### Instructions to follow
Using the data below, print exactly the line with "Presenting a stylish", the line with "Carysil Built in", and every line between them, but none of the pictures.

### Excerpted records
=======

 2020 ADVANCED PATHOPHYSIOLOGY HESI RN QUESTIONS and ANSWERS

=======

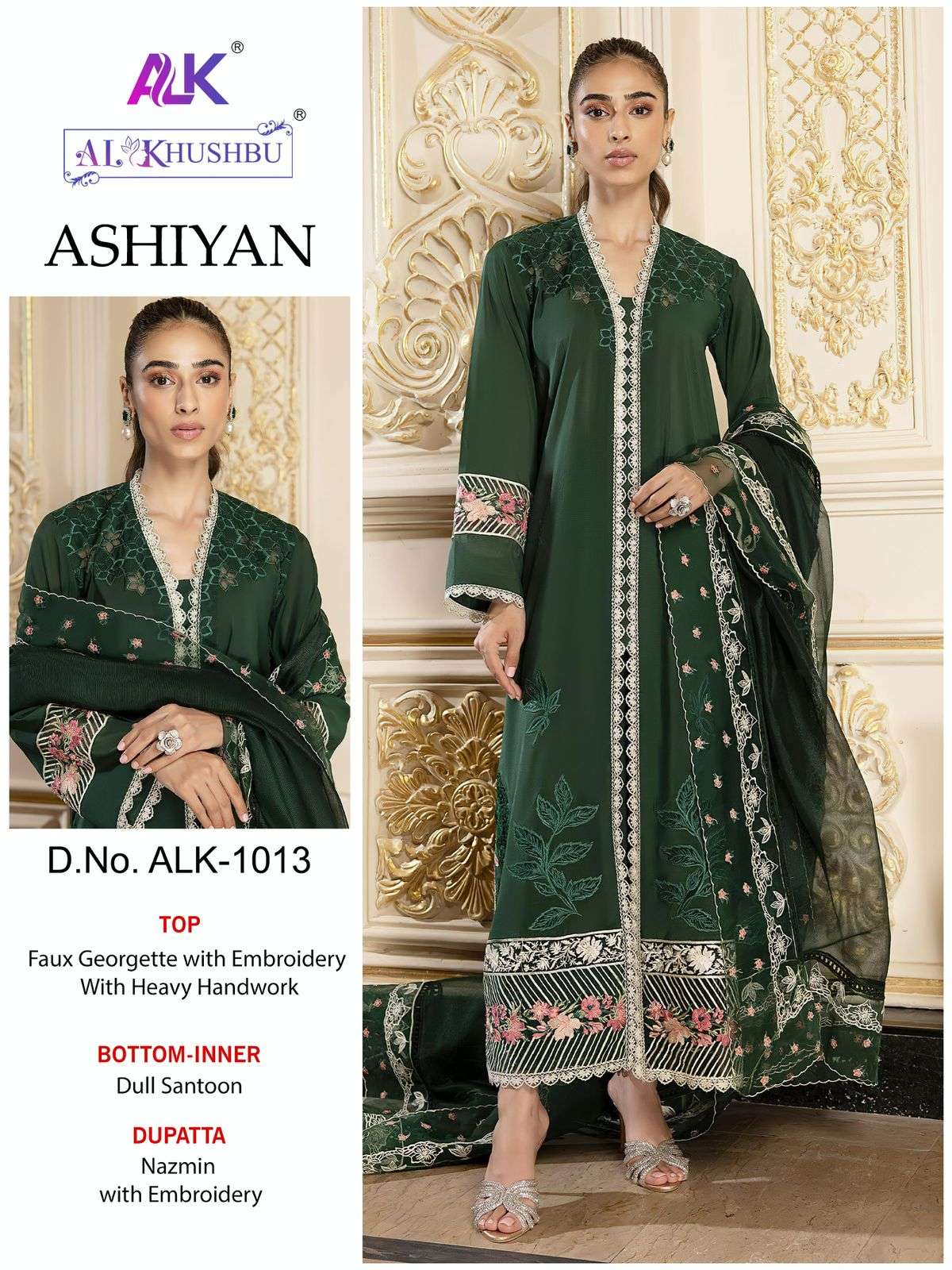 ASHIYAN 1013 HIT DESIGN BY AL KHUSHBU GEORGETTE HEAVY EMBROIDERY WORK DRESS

=======

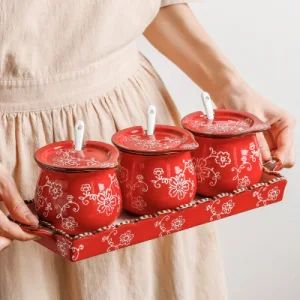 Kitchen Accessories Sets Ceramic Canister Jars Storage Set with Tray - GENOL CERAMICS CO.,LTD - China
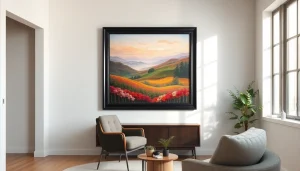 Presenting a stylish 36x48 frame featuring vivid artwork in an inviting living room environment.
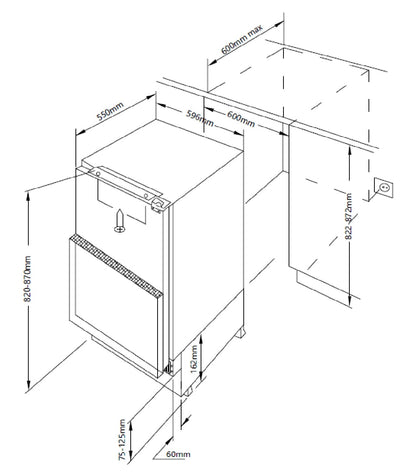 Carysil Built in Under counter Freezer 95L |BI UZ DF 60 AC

=======

### Solved problem
 Presenting a stylish 36x48 frame featuring vivid artwork in an inviting living room environment.
 Carysil Built in Under counter Freezer 95L |BI UZ DF 60 AC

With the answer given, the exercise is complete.